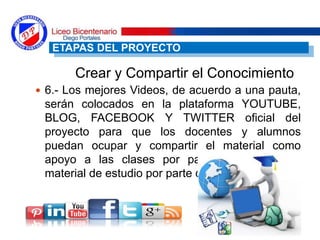  6.- Los mejores Videos, de acuerdo a una pauta,
serán colocados en la plataforma YOUTUBE,
BLOG, FACEBOOK Y TWITTER oficial del
proyecto para que los docentes y alumnos
puedan ocupar y compartir el material como
apoyo a las clases por parte del docente y
material de estudio por parte de los alumnos.
ETAPAS DEL PROYECTO
Crear y Compartir el Conocimiento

==========

Begin with the line that contains "serán colocados en". Repeat it and every line after it through the end of the listing, exactly, and print nothing more.

**PROBLEM SOLUTION**
serán colocados en la plataforma YOUTUBE,
BLOG, FACEBOOK Y TWITTER oficial del
proyecto para que los docentes y alumnos
puedan ocupar y compartir el material como
apoyo a las clases por parte del docente y
material de estudio por parte de los alumnos.
ETAPAS DEL PROYECTO
Crear y Compartir el Conocimiento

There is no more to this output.